- PROBLEM DESCRIPTION
Count the lines below holding "Premium" and answer with that number only.

★ ★ ★ ★ ★

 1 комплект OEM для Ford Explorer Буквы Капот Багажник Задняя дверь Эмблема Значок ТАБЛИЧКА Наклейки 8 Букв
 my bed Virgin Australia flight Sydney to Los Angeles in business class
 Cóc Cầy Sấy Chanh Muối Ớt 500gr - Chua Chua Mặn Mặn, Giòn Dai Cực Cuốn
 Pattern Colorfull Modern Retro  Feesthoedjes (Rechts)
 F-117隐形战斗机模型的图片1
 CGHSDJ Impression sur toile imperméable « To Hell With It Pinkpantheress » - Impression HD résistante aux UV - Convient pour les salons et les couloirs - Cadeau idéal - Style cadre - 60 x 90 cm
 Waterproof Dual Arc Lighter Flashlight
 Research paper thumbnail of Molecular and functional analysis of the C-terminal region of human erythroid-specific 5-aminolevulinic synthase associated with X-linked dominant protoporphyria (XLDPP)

★ ★ ★ ★ ★

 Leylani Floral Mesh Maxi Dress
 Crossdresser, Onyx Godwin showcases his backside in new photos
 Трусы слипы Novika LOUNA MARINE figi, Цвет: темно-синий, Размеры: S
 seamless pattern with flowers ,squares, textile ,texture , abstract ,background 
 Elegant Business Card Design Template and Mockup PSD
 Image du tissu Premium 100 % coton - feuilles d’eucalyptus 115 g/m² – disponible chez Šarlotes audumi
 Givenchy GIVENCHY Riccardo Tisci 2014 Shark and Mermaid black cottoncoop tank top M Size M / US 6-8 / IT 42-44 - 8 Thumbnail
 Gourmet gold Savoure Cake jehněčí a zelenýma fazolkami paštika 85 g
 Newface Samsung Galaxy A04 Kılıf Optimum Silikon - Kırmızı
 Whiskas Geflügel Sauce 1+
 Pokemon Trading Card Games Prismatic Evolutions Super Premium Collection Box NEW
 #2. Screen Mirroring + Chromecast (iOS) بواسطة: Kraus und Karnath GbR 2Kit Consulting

★ ★ ★ ★ ★

- YOUR RESPONSE
2